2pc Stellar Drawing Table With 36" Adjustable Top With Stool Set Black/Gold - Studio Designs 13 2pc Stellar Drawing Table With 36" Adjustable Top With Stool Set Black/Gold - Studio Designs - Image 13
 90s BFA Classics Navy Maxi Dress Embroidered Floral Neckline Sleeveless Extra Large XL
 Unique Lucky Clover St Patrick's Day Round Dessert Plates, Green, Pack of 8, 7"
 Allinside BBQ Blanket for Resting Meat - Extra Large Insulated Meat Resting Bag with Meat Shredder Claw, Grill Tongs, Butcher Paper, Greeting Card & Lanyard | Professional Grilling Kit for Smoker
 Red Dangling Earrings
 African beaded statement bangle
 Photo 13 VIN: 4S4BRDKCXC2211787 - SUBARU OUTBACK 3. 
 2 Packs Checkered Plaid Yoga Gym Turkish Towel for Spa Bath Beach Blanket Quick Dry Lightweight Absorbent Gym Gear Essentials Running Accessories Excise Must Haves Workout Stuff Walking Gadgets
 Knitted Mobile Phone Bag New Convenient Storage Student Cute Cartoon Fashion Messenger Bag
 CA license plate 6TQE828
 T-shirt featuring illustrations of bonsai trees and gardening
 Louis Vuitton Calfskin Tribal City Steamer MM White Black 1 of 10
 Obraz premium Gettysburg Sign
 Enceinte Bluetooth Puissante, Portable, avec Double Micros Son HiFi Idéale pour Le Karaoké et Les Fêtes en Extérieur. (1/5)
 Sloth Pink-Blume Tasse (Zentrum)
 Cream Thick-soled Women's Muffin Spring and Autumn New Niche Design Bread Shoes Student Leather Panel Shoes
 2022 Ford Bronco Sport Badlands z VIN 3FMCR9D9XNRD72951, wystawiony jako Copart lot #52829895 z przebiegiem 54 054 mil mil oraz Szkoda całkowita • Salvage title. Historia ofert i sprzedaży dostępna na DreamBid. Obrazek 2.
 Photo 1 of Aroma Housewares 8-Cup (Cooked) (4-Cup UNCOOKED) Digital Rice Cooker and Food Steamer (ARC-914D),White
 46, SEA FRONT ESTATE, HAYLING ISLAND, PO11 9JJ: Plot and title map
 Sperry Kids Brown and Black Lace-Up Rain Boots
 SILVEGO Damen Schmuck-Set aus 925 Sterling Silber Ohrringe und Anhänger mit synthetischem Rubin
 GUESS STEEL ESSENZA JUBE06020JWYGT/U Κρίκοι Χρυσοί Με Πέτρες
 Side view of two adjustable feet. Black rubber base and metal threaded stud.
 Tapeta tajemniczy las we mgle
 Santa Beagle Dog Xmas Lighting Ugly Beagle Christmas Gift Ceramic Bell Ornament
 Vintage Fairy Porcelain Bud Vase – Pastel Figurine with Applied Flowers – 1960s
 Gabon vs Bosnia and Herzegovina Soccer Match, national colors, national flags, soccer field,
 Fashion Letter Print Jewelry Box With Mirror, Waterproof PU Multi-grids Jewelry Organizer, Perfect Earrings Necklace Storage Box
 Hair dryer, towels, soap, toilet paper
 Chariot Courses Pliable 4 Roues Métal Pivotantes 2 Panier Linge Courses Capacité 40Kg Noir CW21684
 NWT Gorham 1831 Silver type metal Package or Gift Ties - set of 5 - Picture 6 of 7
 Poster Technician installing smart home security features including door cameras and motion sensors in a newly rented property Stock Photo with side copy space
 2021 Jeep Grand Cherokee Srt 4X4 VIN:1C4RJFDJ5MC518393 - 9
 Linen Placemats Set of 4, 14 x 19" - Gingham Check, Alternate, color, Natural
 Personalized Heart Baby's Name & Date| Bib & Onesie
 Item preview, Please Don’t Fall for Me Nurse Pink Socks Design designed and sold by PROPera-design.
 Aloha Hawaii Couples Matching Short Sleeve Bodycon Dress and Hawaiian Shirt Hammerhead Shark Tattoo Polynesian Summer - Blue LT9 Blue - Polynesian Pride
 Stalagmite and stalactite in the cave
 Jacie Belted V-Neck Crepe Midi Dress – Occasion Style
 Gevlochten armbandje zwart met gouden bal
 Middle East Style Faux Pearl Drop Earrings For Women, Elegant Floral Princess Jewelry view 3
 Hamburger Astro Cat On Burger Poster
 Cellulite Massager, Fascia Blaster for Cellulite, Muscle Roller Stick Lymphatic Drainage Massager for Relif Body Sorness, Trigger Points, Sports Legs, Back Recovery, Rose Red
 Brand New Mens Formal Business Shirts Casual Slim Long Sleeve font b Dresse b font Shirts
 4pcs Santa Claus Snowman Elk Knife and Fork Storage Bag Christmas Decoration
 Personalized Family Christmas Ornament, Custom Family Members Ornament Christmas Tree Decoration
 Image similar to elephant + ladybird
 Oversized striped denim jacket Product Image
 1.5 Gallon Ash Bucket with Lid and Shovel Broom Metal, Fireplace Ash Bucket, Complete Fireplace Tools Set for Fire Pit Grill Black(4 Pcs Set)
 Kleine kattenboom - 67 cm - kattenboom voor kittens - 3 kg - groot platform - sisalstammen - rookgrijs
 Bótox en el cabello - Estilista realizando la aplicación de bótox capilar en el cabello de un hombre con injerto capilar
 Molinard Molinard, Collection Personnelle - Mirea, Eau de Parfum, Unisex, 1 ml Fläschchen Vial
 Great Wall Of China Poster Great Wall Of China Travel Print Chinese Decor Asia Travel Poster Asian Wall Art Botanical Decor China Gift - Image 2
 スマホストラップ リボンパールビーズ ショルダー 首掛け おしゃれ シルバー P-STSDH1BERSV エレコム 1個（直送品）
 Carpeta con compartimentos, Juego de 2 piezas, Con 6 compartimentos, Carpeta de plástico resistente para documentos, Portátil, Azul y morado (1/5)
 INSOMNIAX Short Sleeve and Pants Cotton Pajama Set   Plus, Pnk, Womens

----

Task details —
Copy out only the lines above from the one with "2 Packs Checkered" to the one with "Enceinte Bluetooth Puissante, Portable, avec", inclusive, exactly as they stand.

Response area —
 2 Packs Checkered Plaid Yoga Gym Turkish Towel for Spa Bath Beach Blanket Quick Dry Lightweight Absorbent Gym Gear Essentials Running Accessories Excise Must Haves Workout Stuff Walking Gadgets
 Knitted Mobile Phone Bag New Convenient Storage Student Cute Cartoon Fashion Messenger Bag
 CA license plate 6TQE828
 T-shirt featuring illustrations of bonsai trees and gardening
 Louis Vuitton Calfskin Tribal City Steamer MM White Black 1 of 10
 Obraz premium Gettysburg Sign
 Enceinte Bluetooth Puissante, Portable, avec Double Micros Son HiFi Idéale pour Le Karaoké et Les Fêtes en Extérieur. (1/5)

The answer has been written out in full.